Miyoshi myopathy median age of onset 19 years is characterized by muscle weakness and atrophy, most marked in the distal parts of the legs, especially the gastrocnemius and soleus muscles.


dysfer,in Genomic organization of the dysferlin gene and novel dysferliin in Miyoshi myopathy. The flexor muscles gastrocnemius and soleus muscles are predominantly involved. When compared with other muscular dystrophies studied with the same methodology, it can be stated that in dysferlinopathies the percentage of the degenerating fibers is similar to that of sarcoglynopathies and lower than in Duchenne muscular dystrophy and myositis, but regarding regenerating fibers the percentage is higher than in sarcoglynopathies and lower than in Duchenne muscular dystrophy or myositis [ 29 ].


The diagnosis is made by the absence or reduced dysferlin in muscle by immunohistochemistry or immunoblotting [ 1332 ]. Monitoring for evidence of cardiomyopathy in those subtypes with known occurrence of cardiac involvement. Dysferlinopathies generally have a myopathic pattern.

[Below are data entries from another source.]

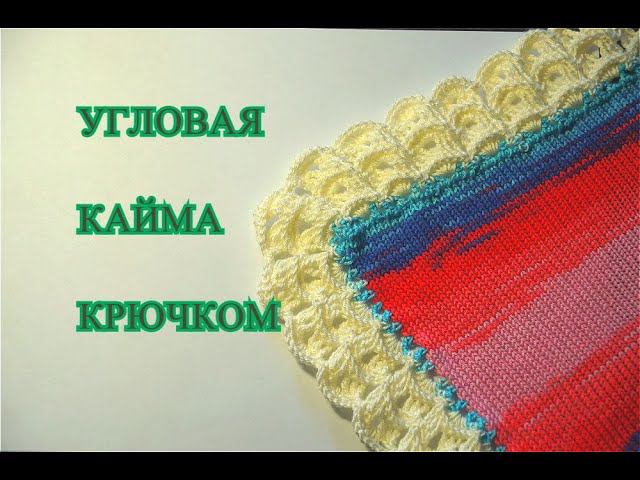 ШИКАРНАЯ УГЛОВАЯ КАЙМА КРЮЧКОМ ,МК ДЛЯ НАЧИНАЮЩИХ . Patrón De Ganchillo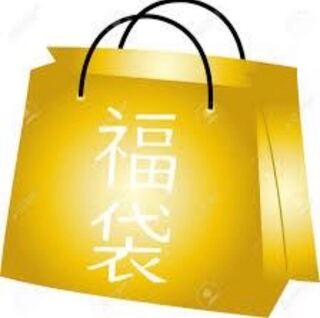 Ji-chan's exclusive Pokemon goody bag 10,000 yen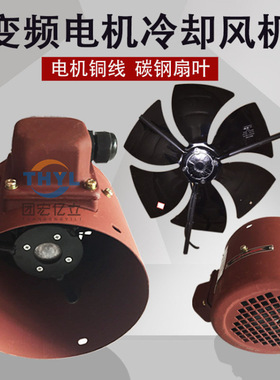 G-450A变频电机通风机G-500A调速电机冷却风机380V散热风扇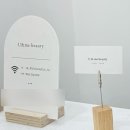 유앤미뷰티 - 파주시 청석로 268 | 광주 농성동슈가링왁싱 유앤미뷰티 브라질리언왁싱 후기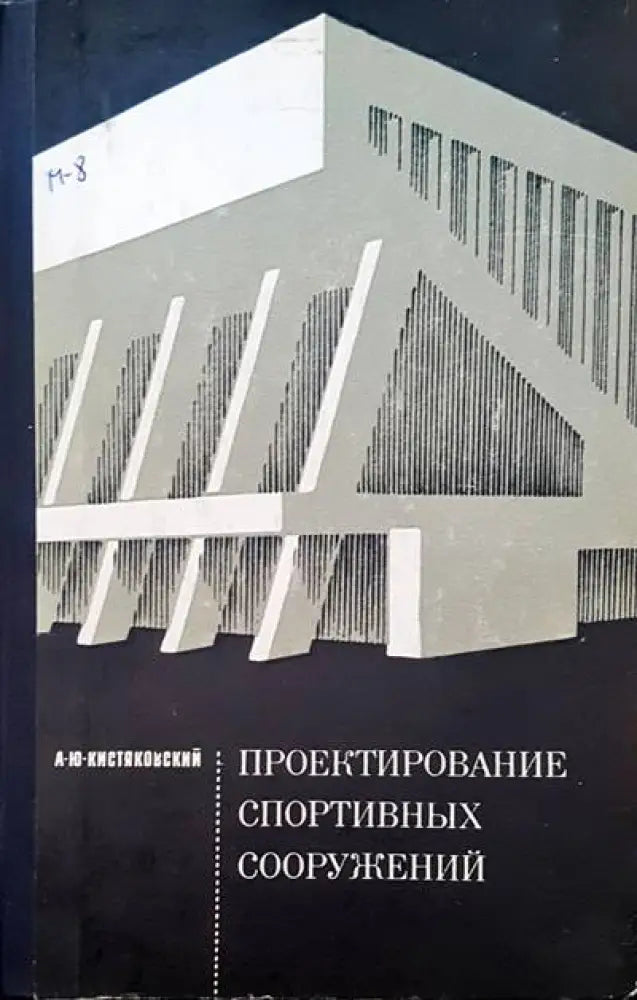 Проектирование спортивных сооружений - Книги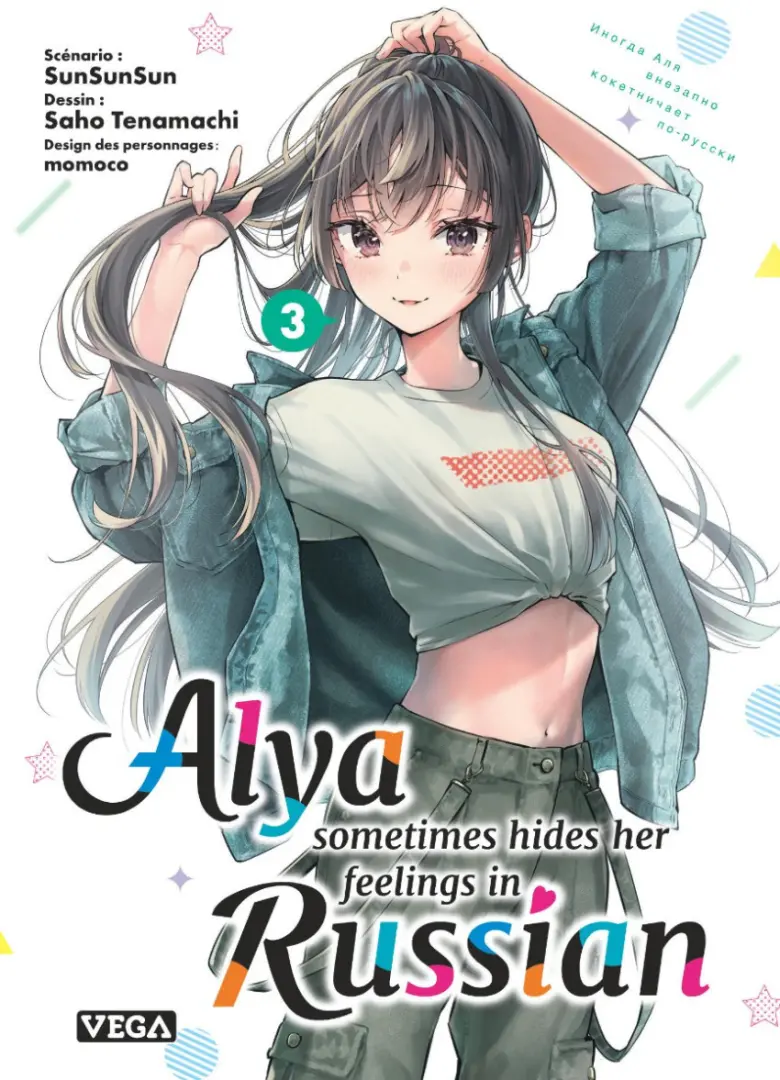 Couverture de l'album Alya sometimes hides her feelings in russian 3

The expression level of dysferlin protein can be either measured from blood monocytes [ 3334 ] or Western blot analysis.

Primary dysferlinopathies are a rare heterogeneous group of autosomal recessive muscular dystrophies that are caused by mutations in the exon gene encoding the protein dysferlin DYSF2p13, MIM [ 12 ]. Therefore, deflazacort treatment is not effective as a therapy for individuals with dysferlinopathies; additionally, the authors concluded that steroid treatment in general should be avoided in this condition [ Walter et al ].

Annual monitoring of muscle strength, joint range of motion, and respiratory function; and for evidence of cardiomyopathy for subtypes with cardiac involvement. Generally, the earlier symptoms begin, the faster they progress.